Although the population of the city was mixed - Egyptians, Greeks, Syrians and Romans - but the Egyptians were mainly traders, artisans, servants and slaves. The rich and notable part of the inhabitants were foreigners, some of whom were Roman officials, and others - descendants of the Ptolemaic Greeks. This is evidenced by the preserved graves and mummies, covered with gilded masks; Greek and Roman names, such as Artemidorus, Demetrius, Titus, etc., are mainly written in them.

Hairstyles, clothes and jewelry

On the funeral portraits you can see various hairstyles. They provide invaluable assistance in dating. For the most part, all the dead were depicted with hairstyles that correspond to the fashion of their time. Numerous analogies exist in the hairstyles of sculptural portraits.

Value for Art

The Fayum portraits are the best preserved examples of ancient painting. They depict the faces of the inhabitants of ancient Egypt in the Hellenistic and Roman periods in the I-III centuries of our era.

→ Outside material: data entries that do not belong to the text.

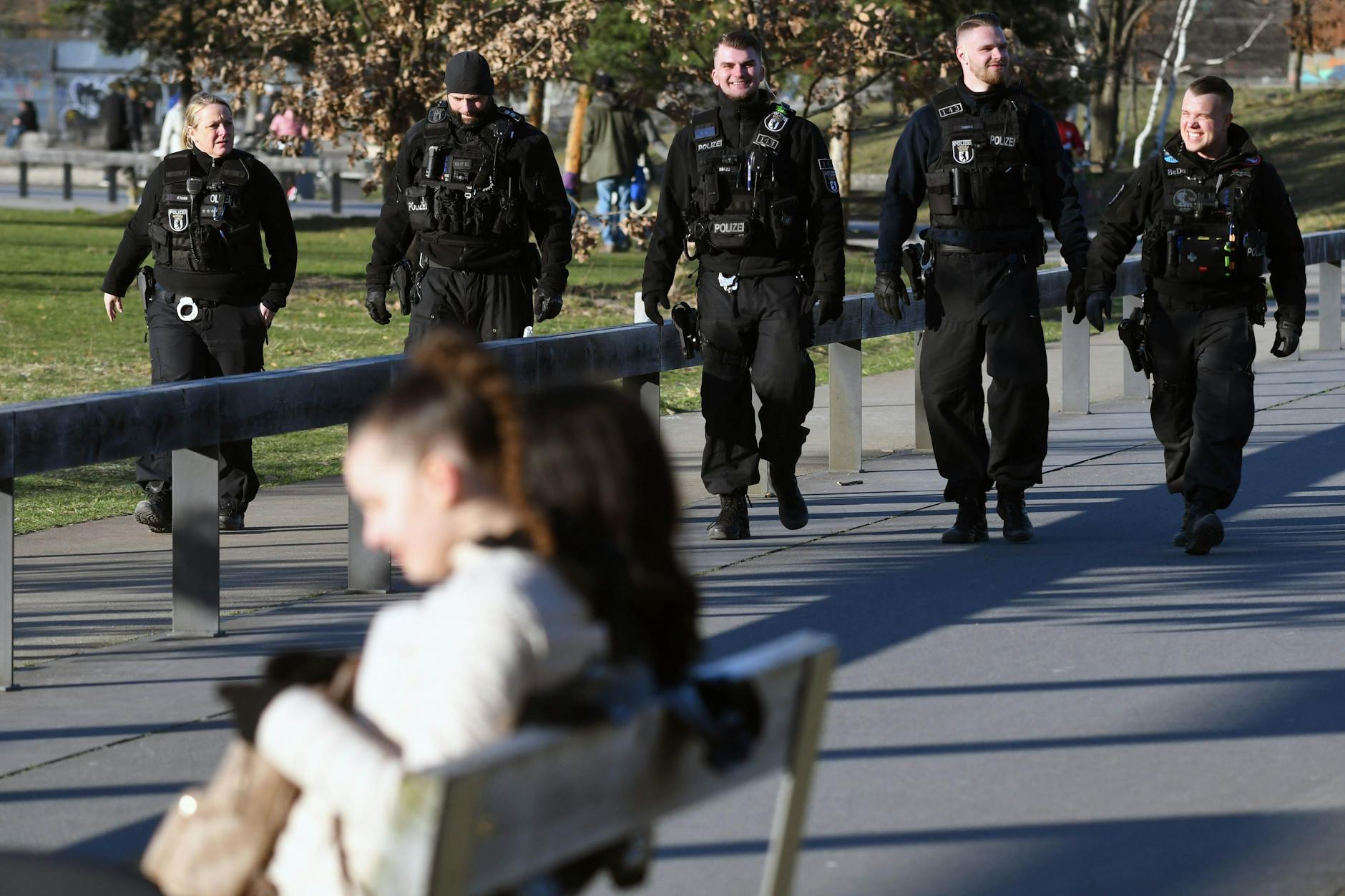 Polizeikontrolle im Park am Gleisdreieck als noch Ausgangsbeschränkungen galten.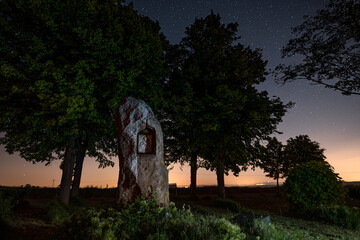 Menhir Saulheim bei Nacht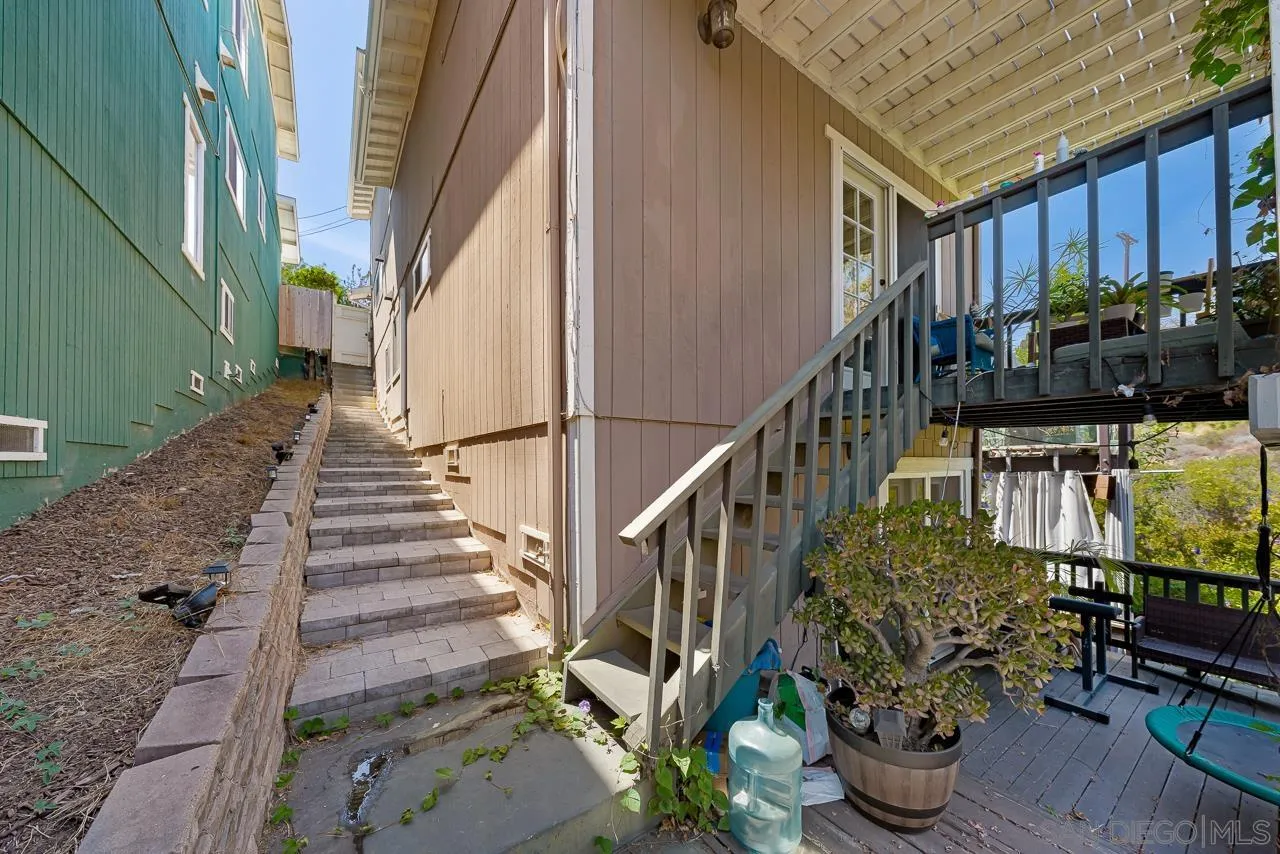 https://cdn.realtyfeed.com/cdn/127/260018367/841e501f9eea36e378896d49e38ef6b9.webp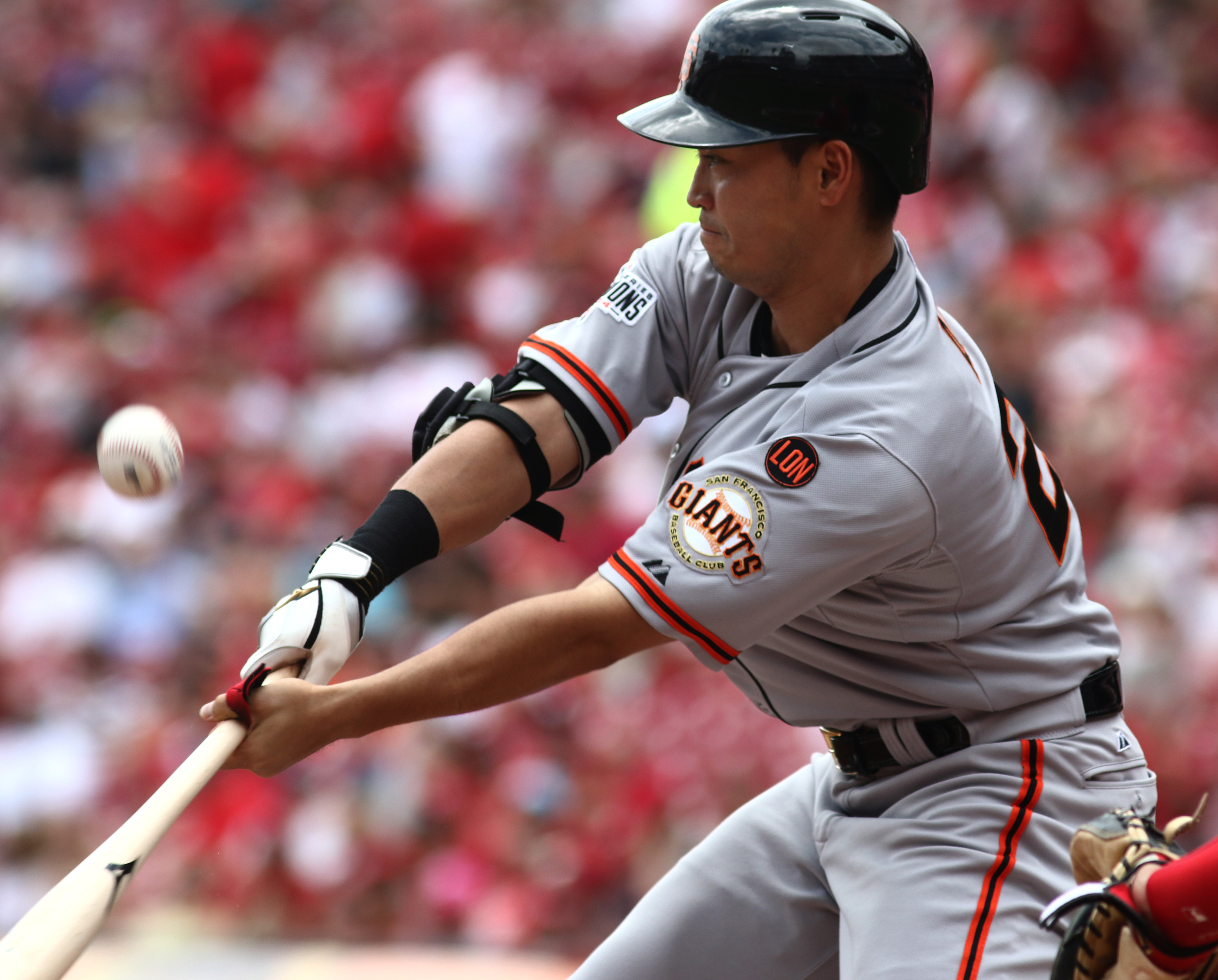 Belt's 3rd homer in 3 games helps Giants beat Reds 9-8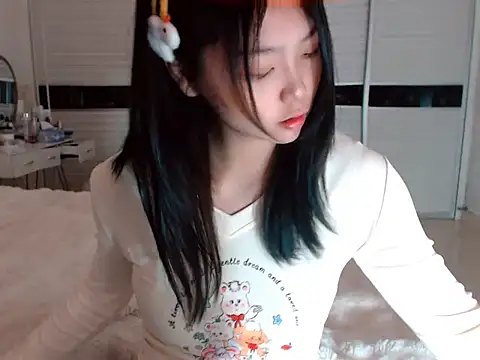 Snapshot of -Lucky_Girl chatting on 01.07.25 -Lucky Girl online show from 01.07.25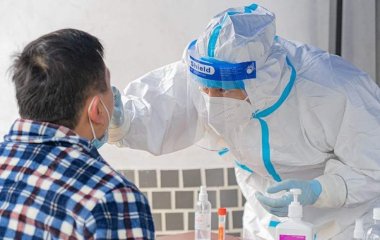 Лікар назвав пробудження з болем у горлі симптомом раку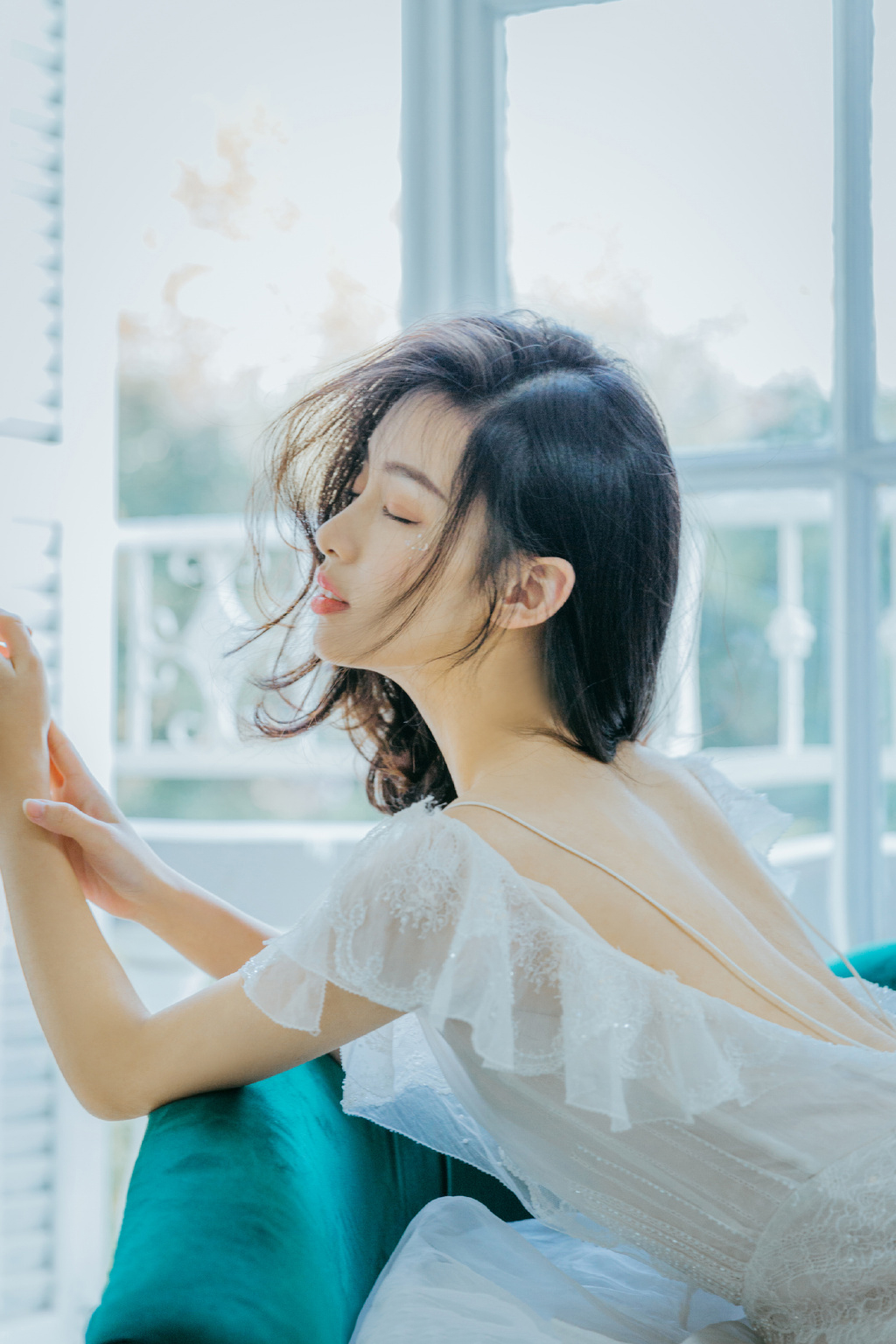 张静初薄纱长裙图片 美得很仙图片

After the conquest of Egypt by Alexander the Great, the time of the rule of the pharaohs ended. During the reign of the Ptolemaic dynasty - heirs of Alexander's empire, there were significant changes in art and architecture. The funeral portrait — the unique art form of its time — flourished in Hellenistic Egypt . Stylistically connected with the traditions of Greco-Roman painting, but created for typically Egyptian needs, replacing the funeral masks of mummies, the Fayum portraits are strikingly realistic images of men and women of all ages.

Filmography

  • “Farewell Look”, film by from the “ Palette ” series (France, 1998).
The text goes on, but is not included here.